B Sharing and understanding the women’s experiences – how big their hearts are, how strong they are!
W Nothing

Wales

B The hospitality, not only the facilities but also the general welcome from the Zapatistas was like an extension of their own communities.

W Lack of pragmatism in the Zapatista speeches, I wanted to hear more from each community about practicalities.

USA

B Being able to talk personally to people meant I learnt a lot and was able to ask the questions I’m really specifically interested in.

W Lack of translations during the presentations – it would have been good to have co-ordinated it so English-speaking people could be in one part with a translator, and others in other parts, to know what was going on – it would have helped me understand.

Germany

B So many interesting people!!
W The mud....

Venezuela

B The interchange of ideas from all over the world without any bureaucracy!!
W The weather, and some people didn’t get a chance to share their opinions – there was not enough time to go into depth.

Switzerland
B That we have been given this opportunity to be here and to share.
W We are talking a lot, but not always doing anything – there are some contradictions, eg the amount of rubbish.

Nicaragua

B The energy and joy of living, the unity, and sharing between the Zapatistas and the people of the world.
W The mud, the cold!!!

Kurdistan

B I have had many opportunities to explain my experiences and my culture. It has been very rich and full of colour – not only the Zapatistas, but everyone from everywhere.

W Nothing!

And the locals said.....

B The closeness of the organisations, communities, autonomous authorities and municipalities – very important.
W The rubbish – there is a lot of rubbish, too much. And children of 12 and 13 years old smoking – apparently they don’t think it causes health problems. Maybe I am not very intelligent, but I feel this is not good.

B To feel the support for our struggle from so many people from civil society, and to see so many different movements represented eg gays, farmers, workers.

W The distance between the local people and civil society – although there is some interaction the locals keeps themselves separate and maintain their groups – it is a contradiction that the Zapatistas keep separate from the foreigners at an international meeting.

B For us to know that we are not alone with our problems, in our neighbourhoods and cities, for example to know that in all of Latin America we have the same problems.
W The mud.

B The dignity and commitment of all of these people from all around the world to change things, and to realise that the fight against neo-liberalism has no frontiers, that it is not all just talk but that many people are doing things, fighting with strength and commitment.
W Some of the relations between people here – in spite of the sense of community and sharing, there are contradictions in the lack of contact between the autonomous authorities and the supporters.
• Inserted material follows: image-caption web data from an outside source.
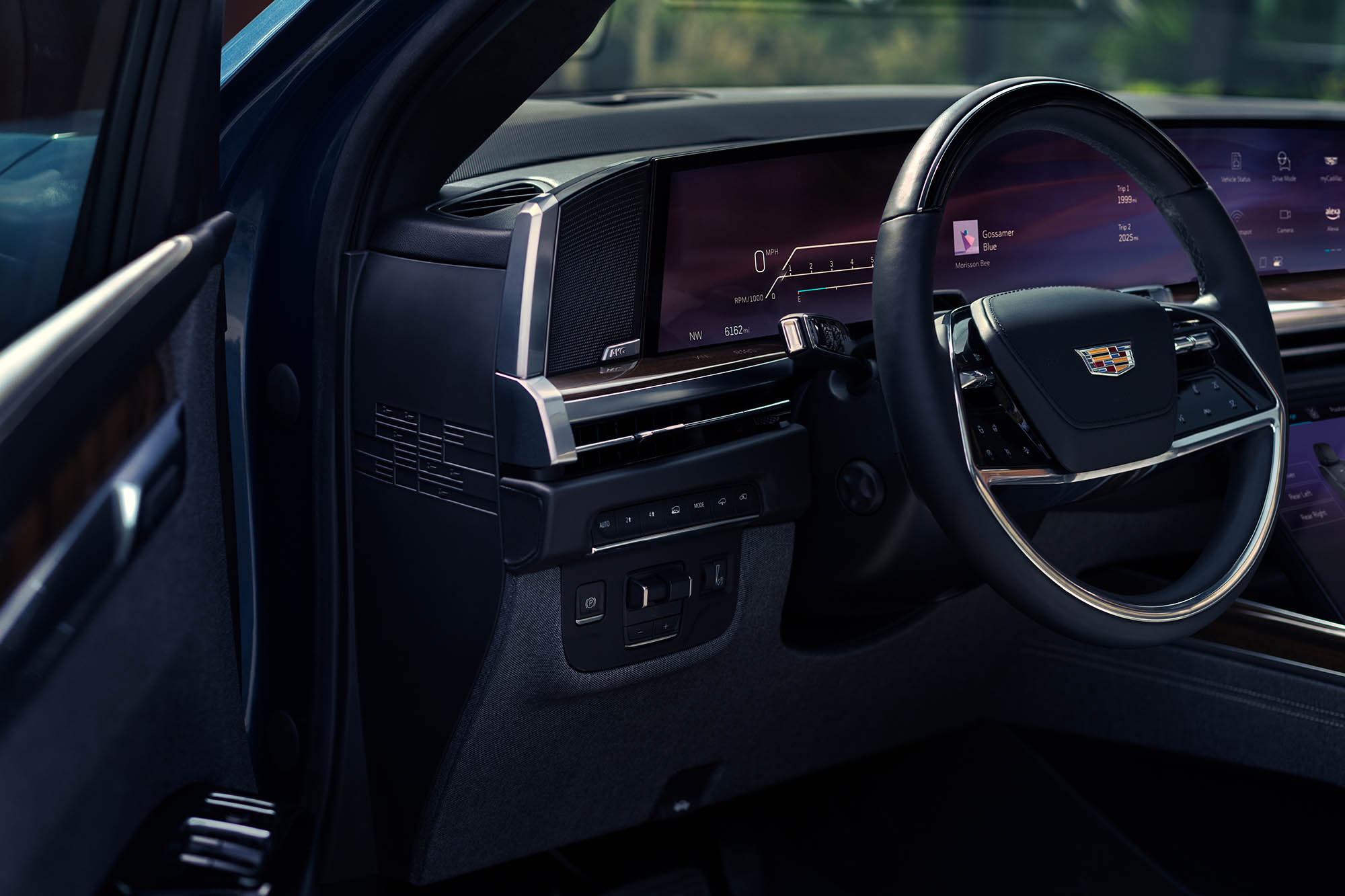 The steering wheel and gauge cluster of a 2025 Cadillac Escalade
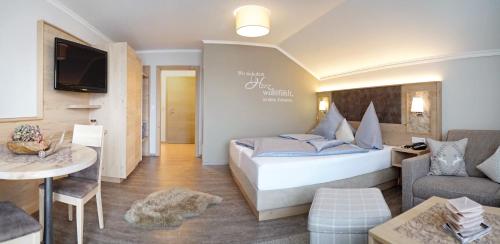 a hotel room with a bed and a living room at Fichtenwald-Ihr Boutique I Glück`s Hotel in Bad Füssing
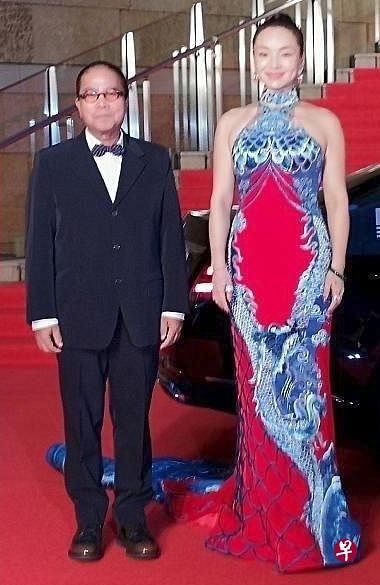 《三夫》的中国女星曾美慧孜拖着长长裙摆的“金鱼装”，走得步步惊心，导演陈果（左）红毯上不时要扶着她。（互联网）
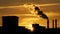 Refinery plant silhouette with chimney smoke against sunset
B So many people from many places sharing many experiences – we are friends, we are brothers and sisters, we are campañeros.
W Not enough time for every collective to share in the plenaries and tables.

B All of you, for participating – I like very much your strength in the fight.
W There is nothing bad here - except the weather.

*********

So as the Zapatistas prepare for the second round encuentro in July and August 2007, when the peoples of the world will have the chance to visit several caracoles and see autonomous good government in action, these thoughts, opinions and impressions of locals and civil society will undoubtedly inform Zapatista planning to ensure an even more overwhelmingly successful series of events...and hopefully also induce some reflection on the part of some visitors into their own assumptions, prejudices, expectations – and production of rubbish! But neither they nor the Zapatista’s will be able to control nature’s caprice and undoubtedly mother earth will again be in attendance.... in July and August it will be hot, dry, and.....DUSTY!!